DATA FOR ANALYSIS section start
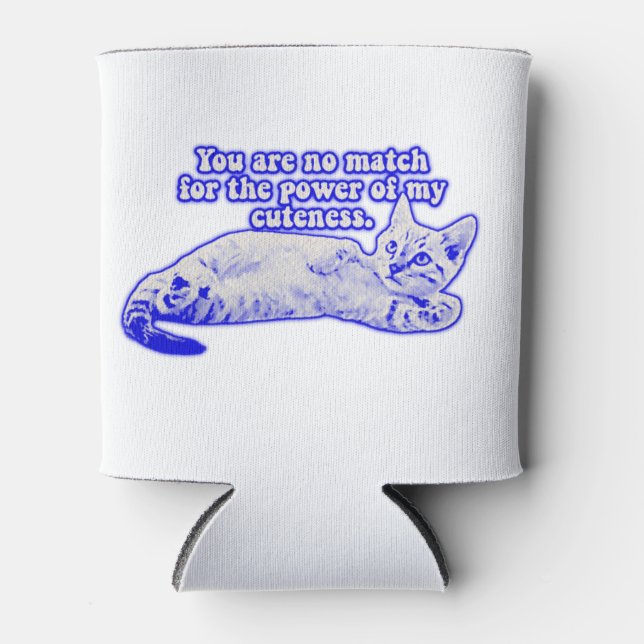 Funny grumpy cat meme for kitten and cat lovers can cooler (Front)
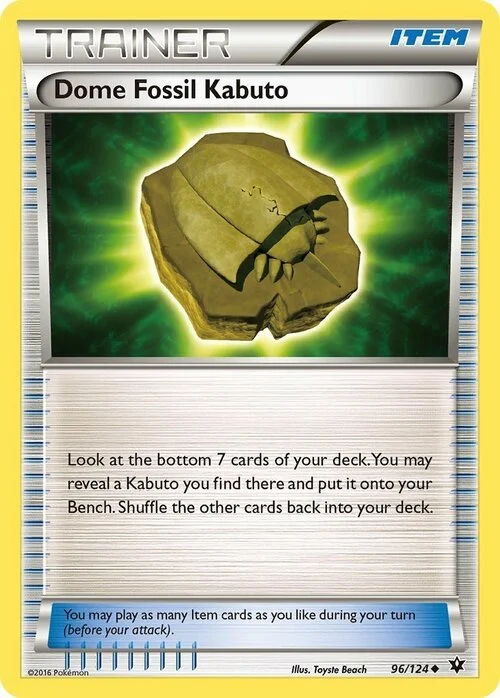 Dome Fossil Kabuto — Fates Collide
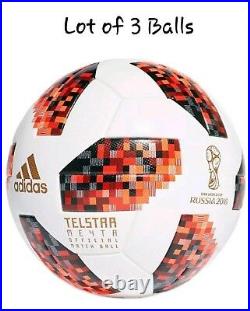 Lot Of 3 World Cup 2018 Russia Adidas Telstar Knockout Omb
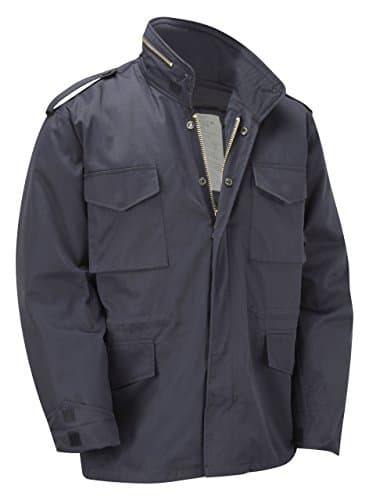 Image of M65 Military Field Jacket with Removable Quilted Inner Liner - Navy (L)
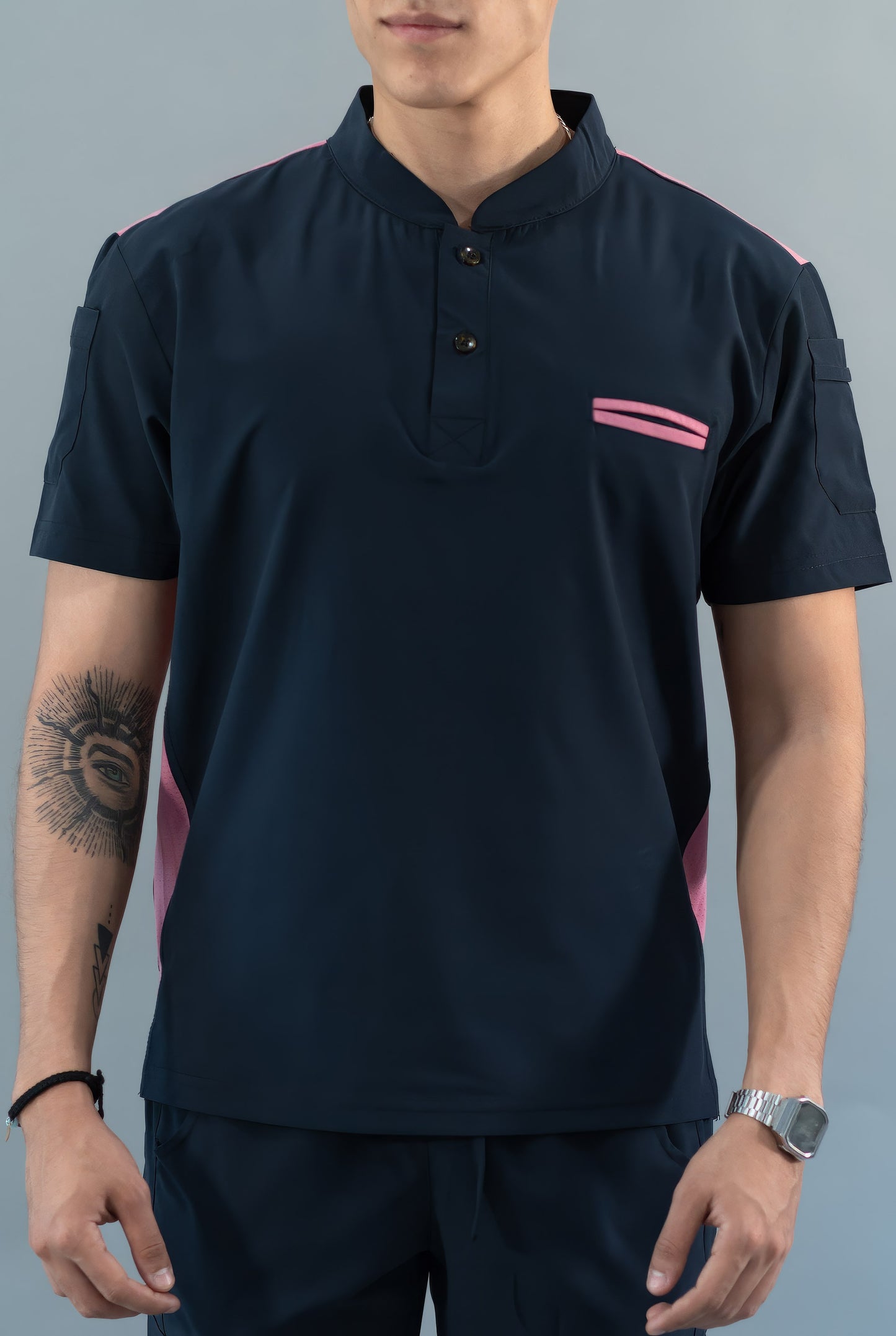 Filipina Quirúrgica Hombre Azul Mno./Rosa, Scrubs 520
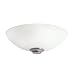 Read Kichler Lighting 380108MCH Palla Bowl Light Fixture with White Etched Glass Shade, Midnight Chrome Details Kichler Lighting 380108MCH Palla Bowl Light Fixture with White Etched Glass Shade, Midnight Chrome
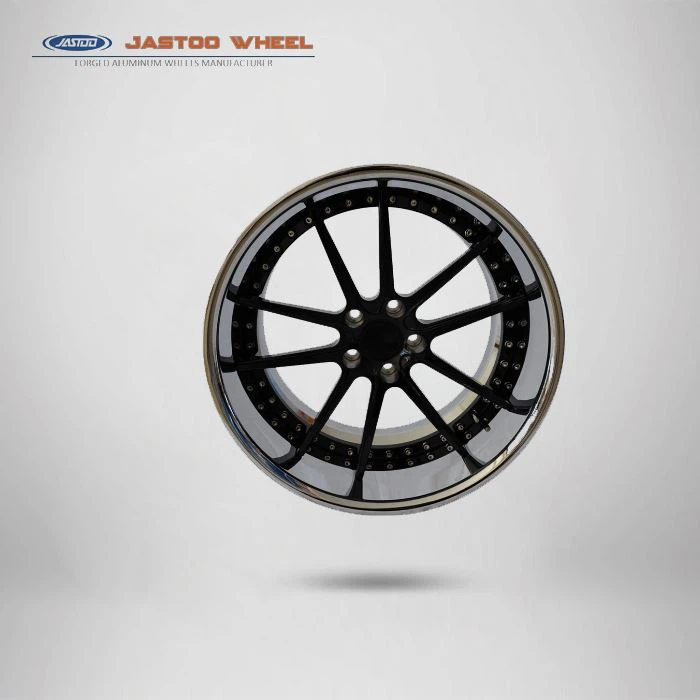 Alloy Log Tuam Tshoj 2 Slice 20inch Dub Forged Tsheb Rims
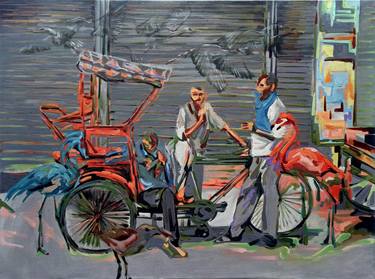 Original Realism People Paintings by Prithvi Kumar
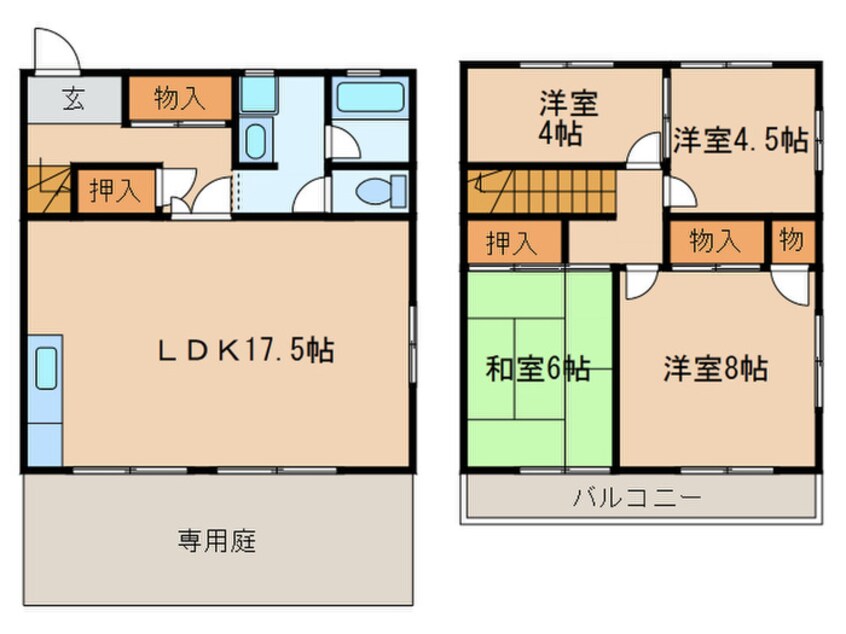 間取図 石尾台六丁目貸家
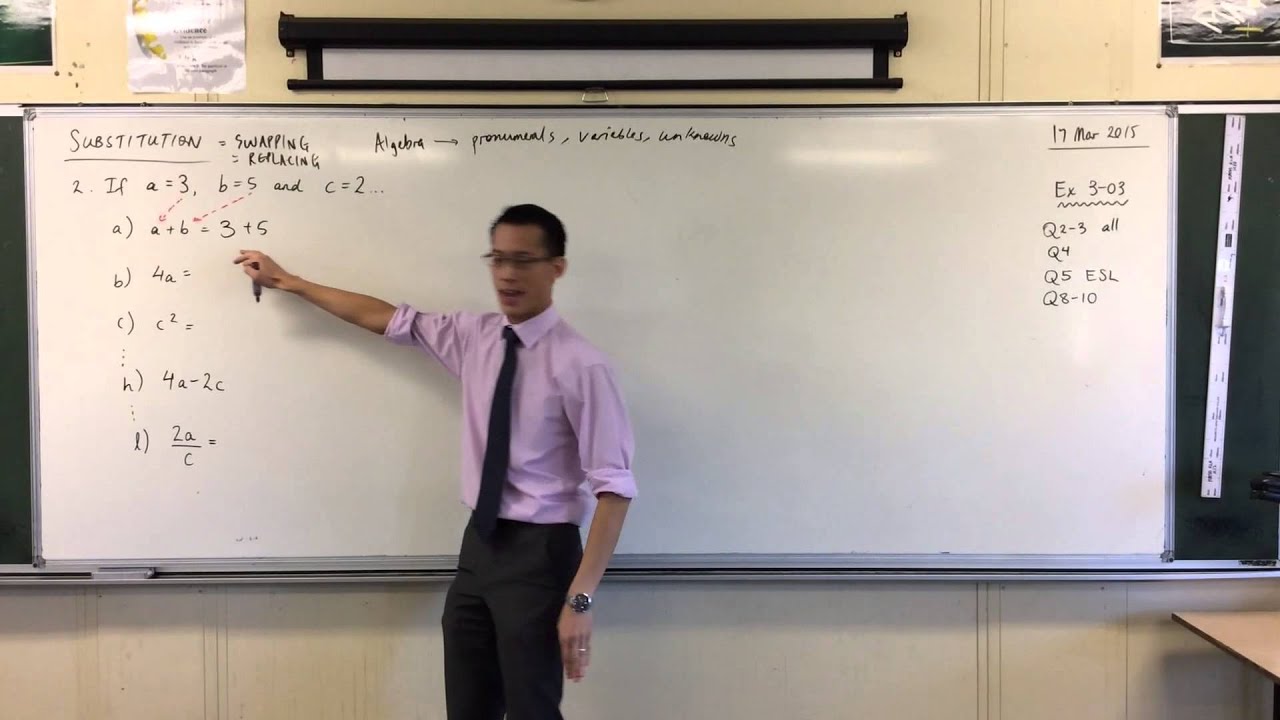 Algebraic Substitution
DATA FOR ANALYSIS section end
*ABOUT THIS TASK*. Write out exactly the lines between the start of the data and the line with "Image of M65", including both, but none of the pictures.

*REPLY*.
 Funny grumpy cat meme for kitten and cat lovers can cooler (Front)
 Dome Fossil Kabuto — Fates Collide
 Lot Of 3 World Cup 2018 Russia Adidas Telstar Knockout Omb
 Image of M65 Military Field Jacket with Removable Quilted Inner Liner - Navy (L)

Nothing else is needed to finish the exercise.